Neighbouring open wells of Praveen Pereira, Antony D’Silva, Sarfin Andrade, Catherine Almeida and one dug by the panchayath for public purpose don't dry now. Out of this, Pereira's is a touching example. The Pereiras had bought this site three decades ago. Since then, the open well had been drying for two months every year. Pereira’s well is on the opposite side of the road, in front of the church. Fr Benjamin’s total water harvesting has increased the water level here too. Since the last two seasons, Pereiras haven’t stepped out of their compound to fetch water.

Difficult beginnings

During the beginning years, many people grumbled and opposed Fr Benjamin’s rain harvesting moves. “We don’t have to harvest rain in this heavy rainfall area,” was one common criticism. Weekly visitors to church for Sunday prayers complained that the standing water here and there was a nuisance. A few parents were of the opinion that the rain pits would pose danger to the students studying in the adjoining school.

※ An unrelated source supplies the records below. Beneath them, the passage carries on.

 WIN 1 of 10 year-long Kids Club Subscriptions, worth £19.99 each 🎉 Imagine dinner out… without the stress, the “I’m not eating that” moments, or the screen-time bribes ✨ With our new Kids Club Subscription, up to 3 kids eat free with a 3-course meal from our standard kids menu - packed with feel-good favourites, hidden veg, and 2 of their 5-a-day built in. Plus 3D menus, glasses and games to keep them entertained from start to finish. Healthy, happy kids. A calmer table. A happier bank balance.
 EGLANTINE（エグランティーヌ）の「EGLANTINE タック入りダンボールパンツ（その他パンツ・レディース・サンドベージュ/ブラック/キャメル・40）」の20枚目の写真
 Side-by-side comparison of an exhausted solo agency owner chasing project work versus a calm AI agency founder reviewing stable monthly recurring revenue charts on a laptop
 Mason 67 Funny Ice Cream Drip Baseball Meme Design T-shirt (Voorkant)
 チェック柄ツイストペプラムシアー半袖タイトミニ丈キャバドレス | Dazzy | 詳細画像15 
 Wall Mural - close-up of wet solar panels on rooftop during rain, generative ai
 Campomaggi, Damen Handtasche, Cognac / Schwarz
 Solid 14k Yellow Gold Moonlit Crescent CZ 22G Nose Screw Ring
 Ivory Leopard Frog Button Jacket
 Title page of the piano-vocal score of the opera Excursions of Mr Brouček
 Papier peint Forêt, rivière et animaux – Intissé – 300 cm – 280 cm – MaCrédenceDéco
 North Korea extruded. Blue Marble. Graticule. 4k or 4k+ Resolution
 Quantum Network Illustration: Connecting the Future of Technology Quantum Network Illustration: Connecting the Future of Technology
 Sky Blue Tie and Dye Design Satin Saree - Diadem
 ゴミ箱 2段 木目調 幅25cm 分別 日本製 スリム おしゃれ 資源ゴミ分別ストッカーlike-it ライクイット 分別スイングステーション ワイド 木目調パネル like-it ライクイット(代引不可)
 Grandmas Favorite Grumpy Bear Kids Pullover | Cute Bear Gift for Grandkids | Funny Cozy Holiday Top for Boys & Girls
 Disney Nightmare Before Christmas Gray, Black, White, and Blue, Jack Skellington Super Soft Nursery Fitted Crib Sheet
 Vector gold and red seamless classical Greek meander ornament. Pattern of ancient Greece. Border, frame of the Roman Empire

“Did the students complain?” “Never,” laughs Fr Benjamin heartily. “They understand the issue far better. It’s only the parents who are late in realising.” Now the convinced neighbours are happily following rain harvesting using low cost measures.

Fr Benjamin has grown around hundred types of medicinal plants here. Raising a mini forest in the campus is his next objective. “Birds and snakes should come here freely,” he hopes. His zeal for greening is evident in the church’s graveyard too. Planting large trees would pose practical problems here. As such, he has raised a nursery and hundreds of now famous medicinal Noni (Morinda citrifolia) plants here. “Thanks to Noni, people visit this graveyard too,” he says.

Spreading awareness

The priest uses any available occasion to introduce the concept of rain harvesting in particular and environment in general to hundreds of his school children. “During free time, I encourage them to come here, see all the measures we have taken to arrest the rain inside the compound,” he says.

Apart from harvesting rain in the church, this priest has taken initiative to spread it outside. It was his inspiration that has made some poor families to harvest roof water in the nearby salinity-affected riversides. Tallur Church observed this Independence Day in a different manner by organising a rain harvesting awareness programme. A citizens’ steering committee has also been constituted to spread awareness and action in the district.